Drew Barrymore PAUSES premier of her show after issuing teary-eyed apology for resuming talk show during writers strike
Drew Barrymore has sensationally paused the premier of her talk show until after the Hollywood writers strike ends after facing intense criticism for her actions.
The 48-year-old actress issued a groveling on-camera apology for continuing her CBS talk show ‘The Drew Barrymore Show’ while her three unionized writers were on strike – but she still refused to halt production.
Barrymore was planning to return to screens on September 18, with filming for the fourth season of her show taking place earlier this week. She was then called out for her actions and lack of solidarity with the Writers Guild Of America (WGA).
Announcing that she was going back on her decision after the backlash, she wrote on Instagram on Sunday: ‘I have listened to everyone, and I am making the decision to pause the show’s premiere until the strike is over.
‘I have no words to express my deepest apologies to anyone I have hurt and, of course, to our incredible team who works on the show and has made it what it is today.
Drew Barrymore apologized for resuming her talk show without her three unionized writers amid the ongoing writers strike
‘We really tried to find our way forward.

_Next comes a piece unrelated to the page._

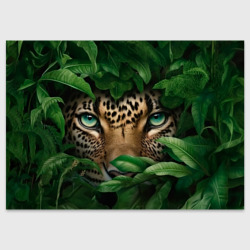 Поздравительная открытка Леопард выглядывает из кустов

And I truly hope for a resolution for the entire industry soon.’
The Instagram walk-back comes after she said in a video on Friday: ‘I wanted to own a decision, so that it wasn’t a PR-protected situation, and I would just take full responsibility for my actions.’
‘I believe there’s nothing I can do or say in this moment to make it OK,’ she said through tears.
‘I fully accept that. I fully understand that. There are so many reasons why this is so complex, and I just want everyone to know my intentions have never been in a place to upset or hurt anymore.
‘It’s not who I am. I’ve been through so many ups and downs in my life, and this is one of them. I deeply apologize to writers. I deeply apologize to unions.’
She added: ‘There’s a huge question of the why — why am I doing this?
‘Well, I certainly couldn’t have expected this kind of attention, and we aren’t going to break rules and we will be in compliance. I wanted to do this, because as I said, this is bigger than me and there are other people’s jobs on the line.’
Barrymore’s show operates with union writers, therefore non-WGA members would have been hired to write the new episodes’ scripts, which is considered crossing the picket line.
The Alliance of Motion Picture and Television Producers revealed on Thursday that it was working with the WGA to get back to the negotiating table to put an end to the strikes
Drew, on her knees, talking to trans influencer Dylan Mulvaney on The Drew Barrymore Show
The WGA hit out at her decision to bring back the show during the strike, saying: ‘Drew Barrymore should not be on the air while her writers are on strike fighting for a fair deal.
‘In reality, shows like this cannot operate without writing, and that is struck work.’
A spokesperson for the union maintained The Drew Barrymore Show is a struck show, and as a result union members picketed outside of her studios on Monday and Tuesday in New York City.
‘It has stayed off the air since the strike began on May 2nd but has now (unfortunately) decided to return without its writers,’ the spokesperson said in the statement.
‘The Guild has, and will continue to, picket any struck show that continues production for the duration of the strike.’
Actors who appear as guests when The Drew Barrymore returns for its fourth season will have to abide by the Screen Actors Guild American – Federation Of Television And Radio Artists (SAG-AFTRA) strike rules. This includes not discussing or promoting any struck work.
Cristina Kinon, one of the co-head writers for The Drew Barrymore Show who is on strike, spoke out about the issue.
She was diplomatic about the situation but argued that Barrymore could have done more to help television industry workers impacted by the strikes than simply restarting the show, and Kinon said returning to the air would only ‘prolong the strike.’
‘I personally understand that everybody has to make the best decision for themselves,’ Kinon said carefully.
‘I know that this show has a crew of hundreds of people who need to be paid, and I understand the perspective of wanting to protect your cast, your crew, and your staff.’